Apabila Anda berontak terhadap saat ini, Anda sebenarnya berontak terhadap segenap jagat raya. Anda dapat mengambil keputusan bahwa hari ini Anda tidak akan berontak terhadap segenap jagat raya dengan tidak berontak terhadap saat ini. Ini berarti penerimaan Anda terhadap saat ini bersifat total dan menyeluruh. Anda menerima segala hal seperti adanya, tidak seperti yang Anda inginkan pada saat ini. Hal ini penting sekali dipahami. Anda boleh saja mengharapkan hal-hal lain di masa depan, namun untuk saat sekarang ini Anda harus menerima segala sesuatu seperti adanya.

Apabila Anda merasa frustasi atau jengkel karena seseorang atau situasi, ingatlah bahwa Anda bukan breaksi terhadap orang atau situasi itu, melainkan terhadap perasaan Anda tentang orang atau situasi tersebut. Itu adalah perasaan Anda, dan perasaan Anda bukan merupakan kesalahan orang lain, atau kesalahan situasi. Apabila Anda dengan sepenuhnya mengenali serta memahami kenyataan ini, maka Anda sudah siap untuk bertanggung jawab atas perasaan Anda dan mengubahnya. Dan jika Anda dapat menerima hal-hal seperti adanya, Anda siap untuk bertanggung jawab atas situasi Anda dan atas segala kejadian yang menurut persepsi Anda merupakan masalah.

Ini membawa kita pada komponen kedua dari Kaidah tentang Upaya Minimal, yaitu tanggung jawab. Apakah tanggung jawab itu? Tanggung jawab berarti tidak menyalahkan orang lain atau apapun juga atas situasi yang Anda alami, termasuk menyalahkan diri Anda sendiri. Dengan menerima keadaan ini, kejadian ini, masalah ini, maka tanggung jawab menjadi berarti kemampuan untuk secara kreatif menanggapi situasi seperti adanya sekarang. Semua masalah mengandung benih-benih peluang, dan kesadaran ini memungkinkan Anda untuk mengubah saat yang ada menjadi situasi atau hal yang lebih baik.
Begitu Anda melakukan hal ini, segala sesuatu yang dianggap meresahkan akan menjadi peluang bagi terciptanya sesuatu yang baru dan indah, dan segala sesuatu yang dianggap sebagai perongrong akan menjadi guru yang mengajari Anda. Realitas pada hakikatnya merupakan penafsiran. Dan bila Anda memilih untuk menafsirkan realitas sebagai penafsiran, maka bagi Anda terdapat banyak guru di sekelilling Anda, serta banyak peluang yang dapat berkembang.

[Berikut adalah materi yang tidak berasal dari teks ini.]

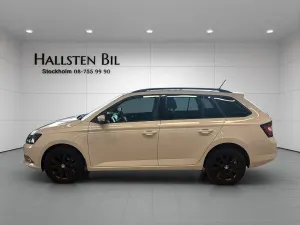 Skoda Fabia 2018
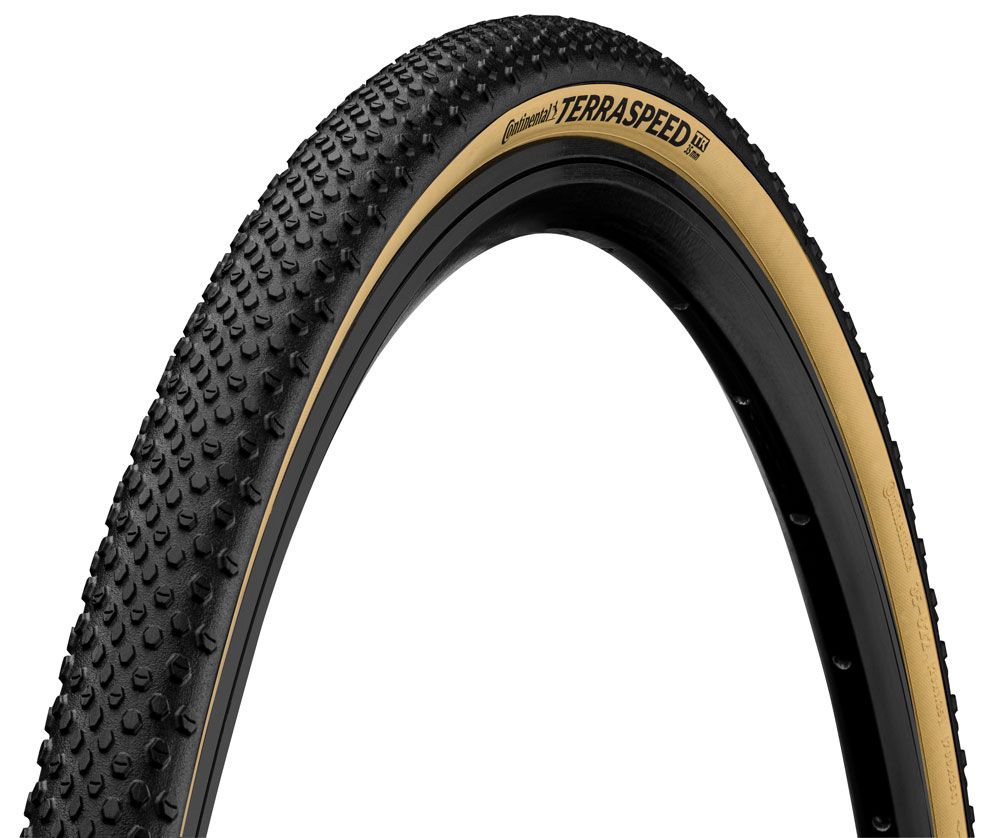 Continental Terra Speed ProTection TLR Cream-Edition 28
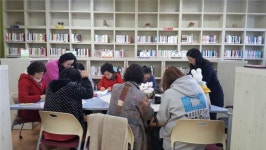고창군 작은도서관에서 나만의 작은 정원 꾸며요！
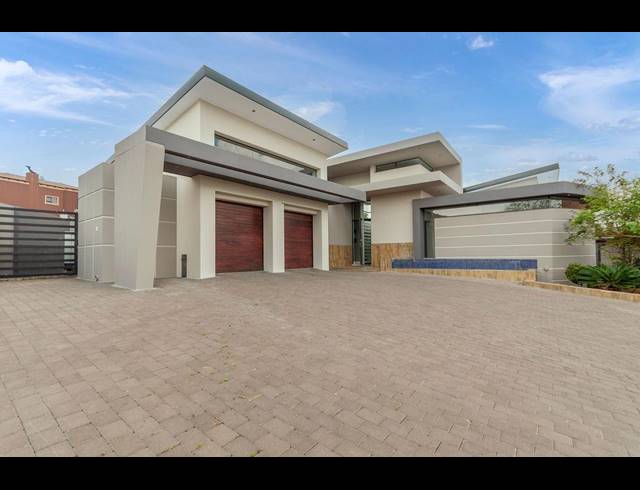 4 BEDROOM HOUSE SOLD IN MEYERSDAL NATURE ESTATE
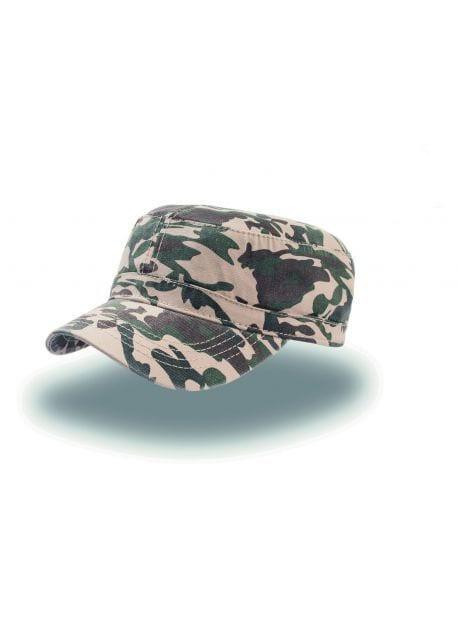 Atlantis AT098 - Faded Military Cap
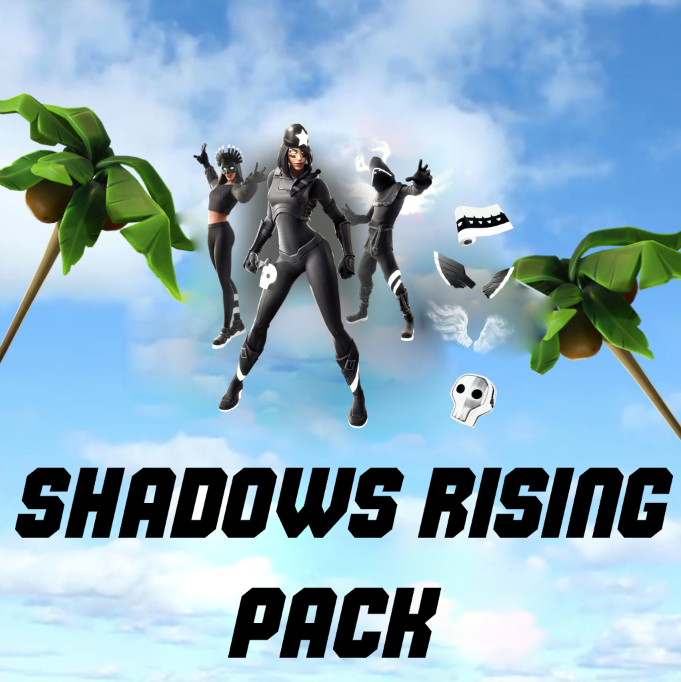 Shadows Rising Pack(Xbox)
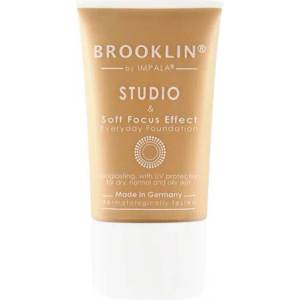 BROOKLIN Фон Дьо Тен studio effect с uv филтър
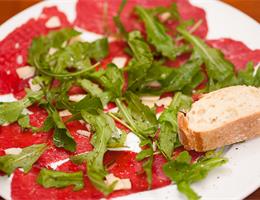 Carpaccio di carne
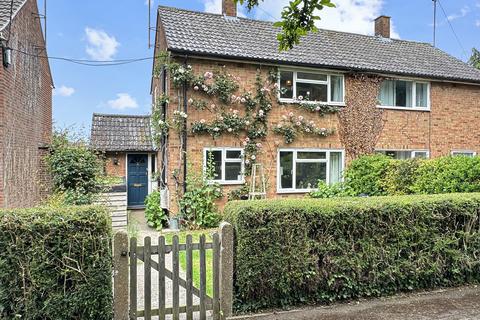 2 bedroom semi-detached house for sale, Haslingfield CB23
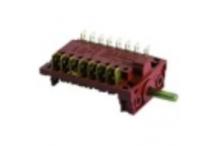 Interruptor 4 posiciones 16a 250v ration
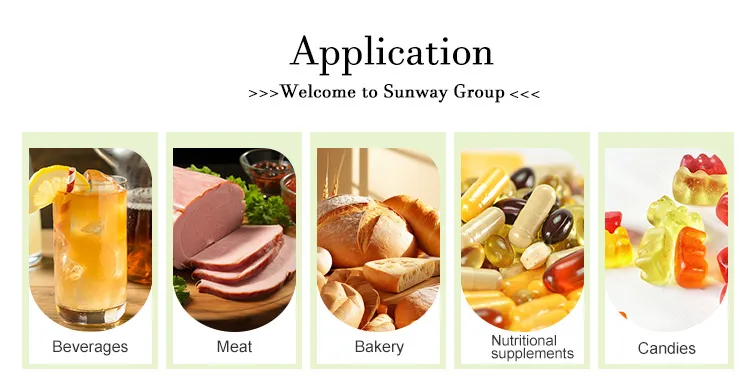 Food Additives Chondroitin Sulfate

Setiap kali Anda menghadapi perongrong, penyiksa, guru, kawan, atau musuh (semua sebenarnya sama saja), ingatkan diri Anda sendiri, ”Saat ini memang sudah seharusnya seperti ini”. Hubungan apapun yang Anda peroleh dalam kehidupan Anda saat ini adalah tepat yang Anda perlukan dalam kehidupan Anda saat ini. Di balik segala kejadian terdapat makna yang tersembunyi, dan makna tersembunyi ini berguna bagi perkembangan Anda sendiri.

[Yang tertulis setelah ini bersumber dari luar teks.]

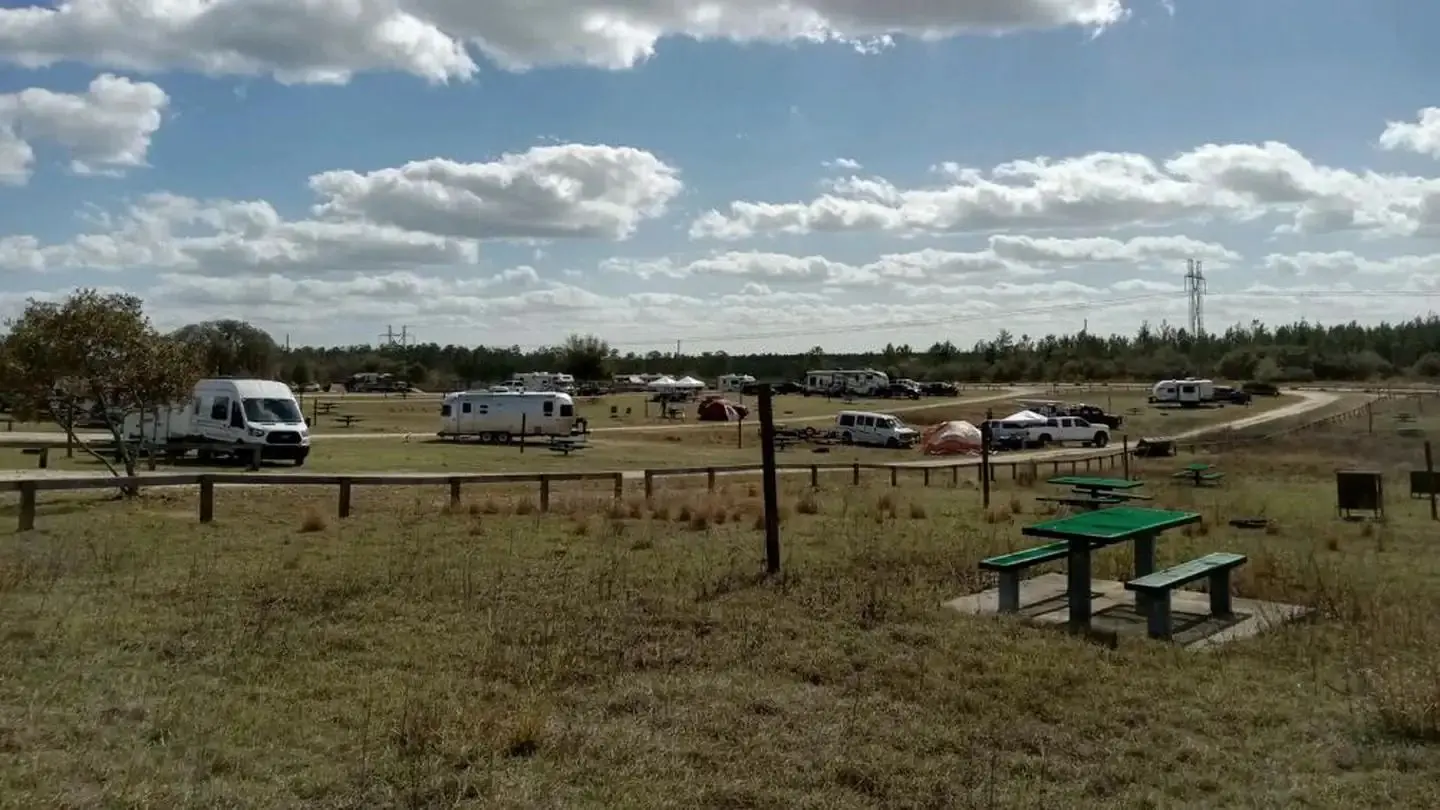 Big Scrub Campground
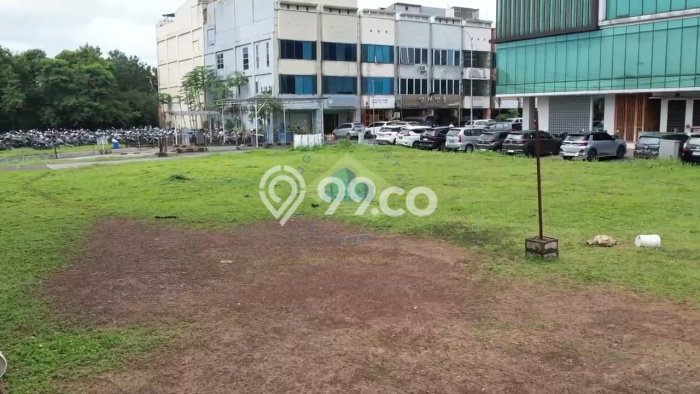 Kavling Tanah di Cibodas Dijual Luas 866m2 Legalitas - Kavling Tanah di Cibodas Dijual Luas 866m2 Legalitas -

Komponen ketiga dari Kaidah tentang Upaya Minimal adalah sikap tanpa pertahanan, yang berarti bahwa kesadaran Anda berada secara mantap dalam keadaan tanpa pertahanan, dan Anda telah melepaskan rasa keharusan meyakinkan atau mendesakkan sudut pandangan Anda pada orang lain. Jika Anda amati perilaku orang-orang disekelilling Anda, maka Anda akan melihat bahwa boleh dibilang hampir seratus persen dari waktu mereka diisi dengan kesibukan mereka untuk mempertahankan sudut pandangan mereka sendiri. Jika Anda melepaskan perasaan Anda mengenai perlunya mempertahankan sudut pandangan Anda, Anda memperoleh akses ke dalam energi dalam jumlah yang luar biasa besarnya, yang sebelumnya terbuang secara sia-sia.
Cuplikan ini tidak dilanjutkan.